Thursday, October 4, 2012

Report from North Carolina Yearly Meeting


ESR Associate Professor of Christian Spirituality Carole Spencer brings us this report from North Carolina Yearly Meeting:

The 315th Annual Sessions of the North Carolina Yearly Meeting of Friends (FUM) was held Aug. 31-Sept. 3, 2012 at Blue Ridge Assembly, an historic YMCA retreat in Black Mountain NC.  I was asked to speak two evenings on the theme of “Community.”   In choosing a text to speak from, I tried to image what scripture Jesus might have used if he had been asked to address NCYM on the theme of community.  Since Jesus quoted from Isaiah 56:7 at the turning point in his ministry when he cleansed the Temple in Jerusalem, “My house shall be called a house of prayer for all peoples” (Mark 11:17), I chose as scripture for my two messages, Isaiah 56:1-8, in which we find the original context for Jesus’ words.  The theme thus became “Becoming a House of Prayer for all Peoples.” 
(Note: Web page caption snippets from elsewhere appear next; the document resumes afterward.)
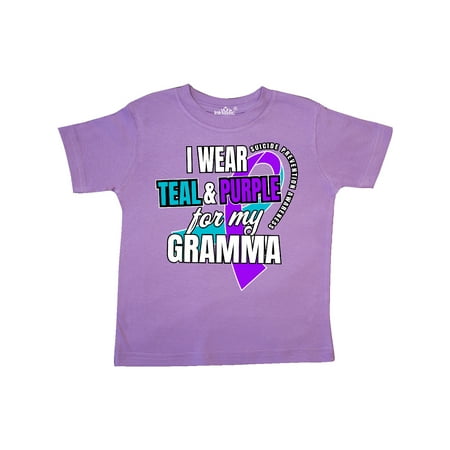 

Inktastic Suicide Prevention I Wear Teal and Purple for My Gramma Gift Toddler Boy or Toddler Girl T-Shirt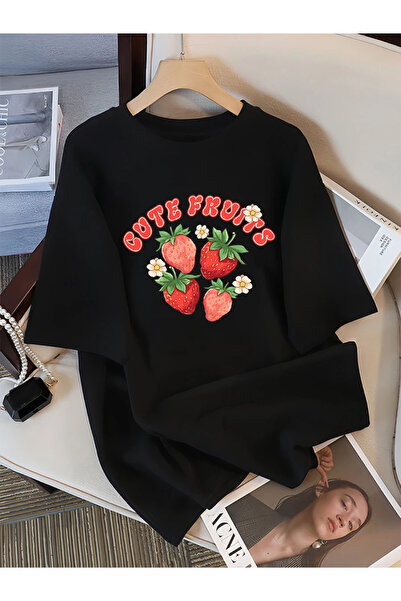 Tarzsokak Imprimeuri cu fructe de căpșuni proaspete negre Tricouri de vară de...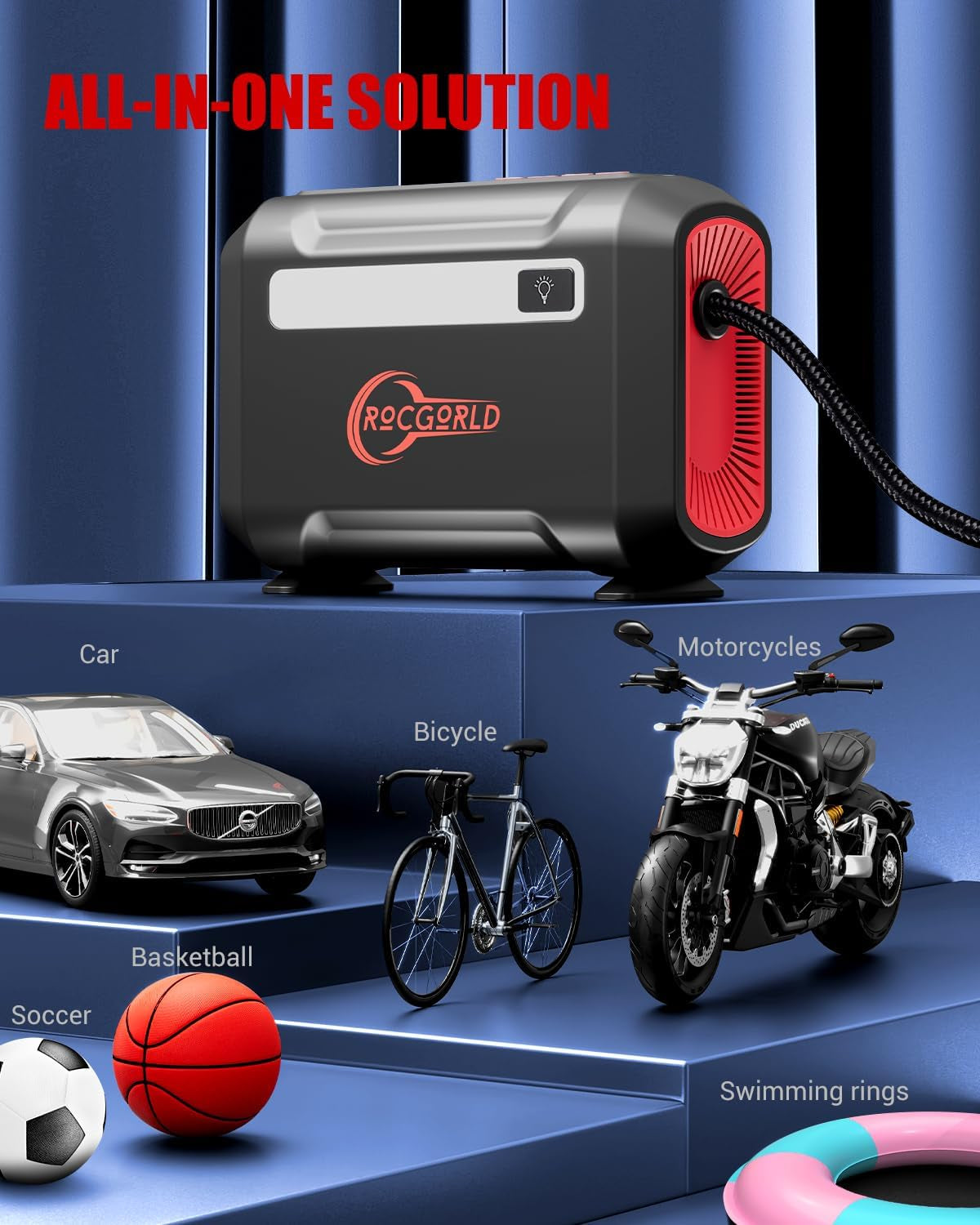 R8 Tire Inflator Portable Air Compressor, DC 12V Air Compressor Portable with Large Dual Digital Screen, 3X Faster Inflation Air Pump for Car, Bike, Ball, Motor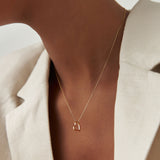 14k Gold Open Heart Shaped Charm Necklace  Ferkos Fine Jewelry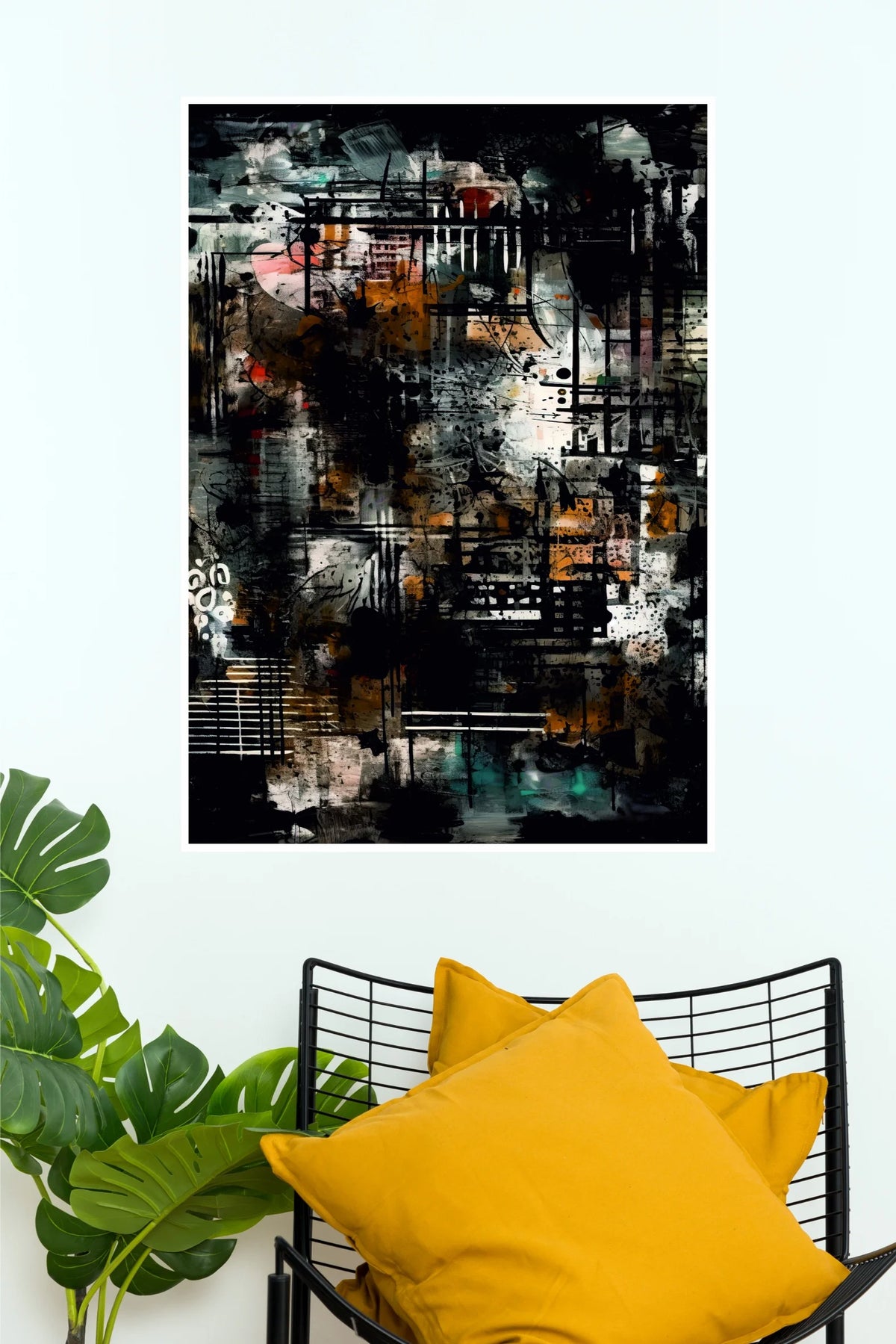 Dark Grunge Abstract Art Poster | Black Urban Wall Art (Art Posters)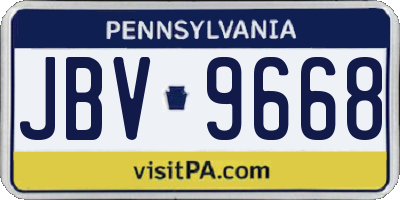 PA license plate JBV9668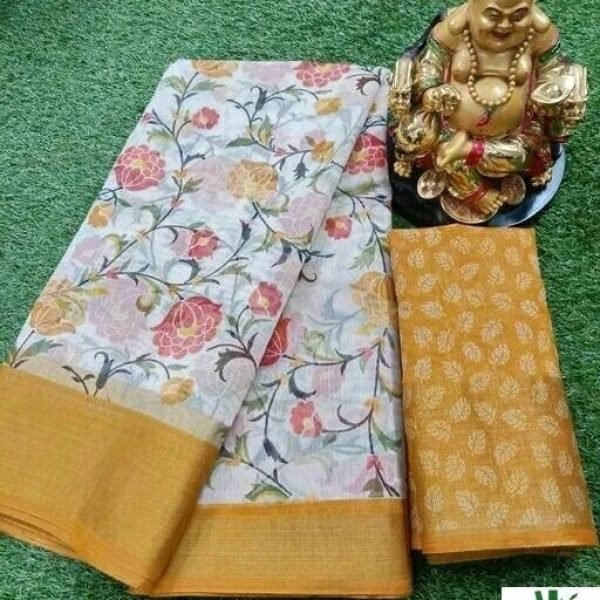 Soft Cotton HD Flower Print Saree  Cotton Sarees Wholesale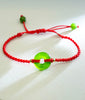 Top Grade Siberian Jade Peace Buckle Bracelet Ping An Kou Red Cord Natural Jade 14K Solid Gold|#1350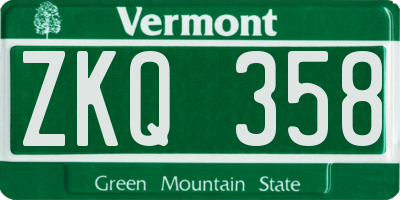 VT license plate ZKQ358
The points which this passage reflects relevant to community are: becoming a contemplative community (a house of prayer), and becoming an inclusive and missional community (for all peoples).  Verses 2-5 are especially relevant today: welcoming the foreigner when our country seems to be entering a new era of prejudice against foreigners, and welcoming  eunuchs, which relates to sexual differentness, so divisive in our churches today.   The context of this passage, often called “Third Isaiah” is the return of the Jews from exile in Babylon, rebuilding the Temple, and trying to regain their national identity by pursuing a policy of increasing exclusiveness, reflected in a kind of “purity movement” in which foreigners and eunuchs were excluded from the new worshiping community.  Those who wanted to carefully preserve the Mosaic tradition of exclusivity had announced strict boundaries as to who was in and who was out.  But the prophet counters with an astonishing announcement: these two most objectionable classes of people are to be gathered, welcomed and celebrated in the new community—a radical break with the law in Deuteronomy (Deut 23:1-6).  The eunuchs were outcasts within the Israelite society, the Other, usually slaves or servants, the outsider who was sexually different, who could not bear children, thus would never have a “name” as they had no descendents.  But Isaiah says: “Do not let the eunuch say ‘I am just a dry tree’ for they will be given “a monument and a name better than sons and daughters…an everlasting name that shall not be cut off.” (Isa. 58:2-5).
Isaiah envisions a gathering of diverse peoples—exiles, outcasts, outsiders, foreigners, all “joined to the Lord” in a house of prayer.  While on one level he is envisioning the rebuilt Temple in Jerusalem, on another level he is envisioning an entirely new future community, a diverse, multi-cultural, multi-ethnic, inclusive community of people united to God in prayer.  The prophet’s radical vision was not realized in his time, so some 500 years later, God comes down, even more radically than the prophet’s message, into time and space, as a human being, to re-inaugurate a new community.
Jesus called this new community, the Kingdom of God. It was the heart of teaching and message. This kingdom is not simply about heaven, but a community of transformation on earth.  God’s purpose in salvation is to form us into community, to become part of God’s mission in the world, which is what the word “missional” means—“participating with God in what God is doing in the world.”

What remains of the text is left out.